What is being asked: What is needed is an exact copy of the lines from the one containing "AISI HAIR 4PCS" through the last line of the entries below, both included.

The input:
##########
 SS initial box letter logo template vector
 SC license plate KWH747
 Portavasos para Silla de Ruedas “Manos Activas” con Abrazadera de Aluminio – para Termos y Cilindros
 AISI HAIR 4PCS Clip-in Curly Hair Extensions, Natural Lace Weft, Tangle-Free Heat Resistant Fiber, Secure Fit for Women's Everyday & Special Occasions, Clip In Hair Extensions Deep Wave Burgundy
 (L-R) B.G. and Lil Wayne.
##########
Response area:
 AISI HAIR 4PCS Clip-in Curly Hair Extensions, Natural Lace Weft, Tangle-Free Heat Resistant Fiber, Secure Fit for Women's Everyday & Special Occasions, Clip In Hair Extensions Deep Wave Burgundy
 (L-R) B.G. and Lil Wayne.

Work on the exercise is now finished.